Yalan Rüzgarı’nda savrulan garip şehrimiz – İsmet ÇİĞİT
Yalan Rüzgarı’nda savrulan garip şehrimiz - İsmet ÇİĞİT
Kocaeli Türkiye’nin en önemli şehri.
Hani Türkiye haritasını önünüze koyun, Trakya yukarı gelecek şekilde dik çevirin.
Kocaeli Türkiye’nin kalbi olur.
En çok ihracat, en çok vergi geliri, Türkiye Cumhuriyeti Devletini besleyen hemen her şey, bu kentin üretimidir.
Ayrıca bu kent, 2002’den beri iktidarda olan AKP’ye, iktidarda olduğu sürece en çok destek veren kenttir.
Bu kent, AKP ile birlikte, kimliğini, karakterini değiştirmiş; daha çok kirlenmiş, daha kalabalık, sorunlu hale gelmiş, sorun ve sıkıntıları katlanarak artmıştır.
Ne yazık ki, bu kentte neredeyse 20 yıldan beri yalan rüzgarları esiyor.
Bu yalan rüzgarları da bu kentte yaşayan herkesi oradan oraya savuruyor. Bu kent insanlarının aklını karıştırıyor.
Hava alanımız olacaktı.
Türkiye’nin ve dünyanın her yerine, Uzuntarla’dan uçağa binip hoop gidecektik..
Banliyö trenimiz, metromuz, teleferiklerimiz, mono ray taşıtlarımız, Körfez’de vızır vızır vapurlarımız olacaktı.
Bu şehir, iktidara istediği her şeyi verdi.
Hiç hak etmeyen insanları adam sınıfına soktu.
Ama bu kent kendine vaad edilenlerin onda birini, yüzde birini bile alamadı.
Yalan rüzgarının etkisinde, kullanılıp hoyratça sokağa atılmış naylon poşet gibi, oradan oraya savruldu.

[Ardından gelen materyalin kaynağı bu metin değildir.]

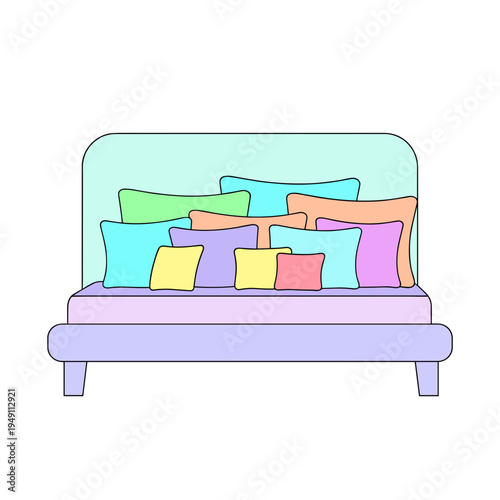 Colorful sofa with various cushions in minimalistic style  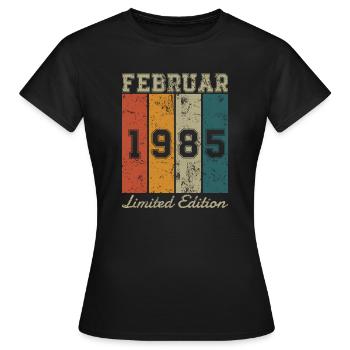 Geburtstag: Februar 1985 - Limited Edition Retro - Frauen T-Shirt - Schwarz - Vorne - AI Model Female 172 dark (172cm)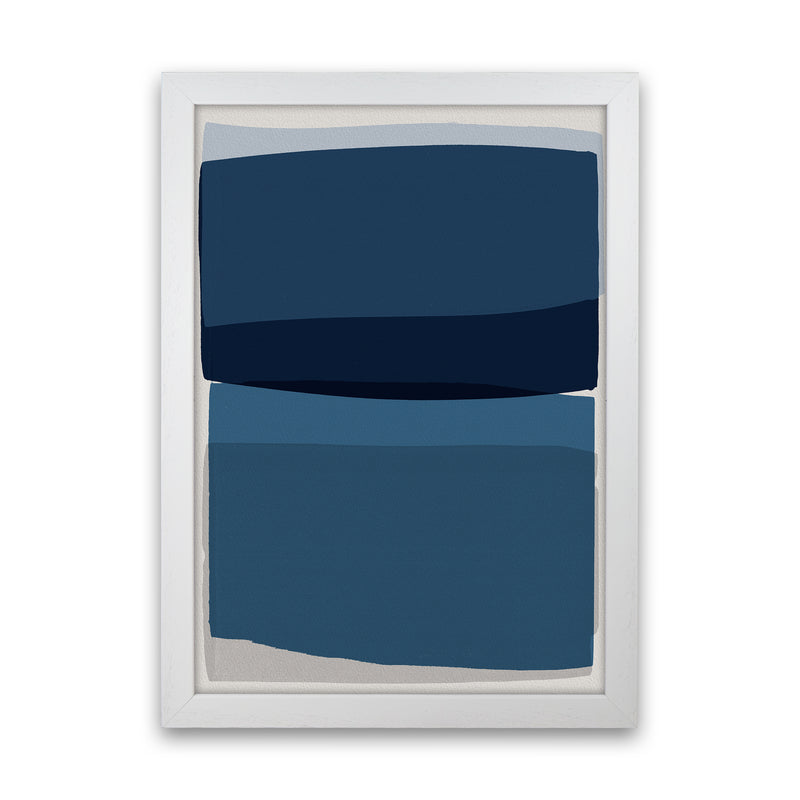 Modern Blue Abstract Art Print by Orara Studio White Grain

Mutsuz. Bereketsiz, tatsız tuzsuz bir şehir haline geldi.
………………………
Bugün size, bu kentte esen yalan rüzgarları konusunda yeni bazı bilgiler aktarmak istiyorum.
Birinci konu, Büyükşehir Belediyesi’nin ortaya attığı “Tıbbi ve aromatik bitkiler yetiştirme“ projesidir.
Büyükşehir Belediye Başkanı Tahir Büyükakın, görevdeki 1.5 yıla varan süre içinde “Yapay ve yapmacık” Kocaelispor sevgisi ile durumu idare etmeye çalıştı.
İstediği kadar dava açsın, beni süründürsün.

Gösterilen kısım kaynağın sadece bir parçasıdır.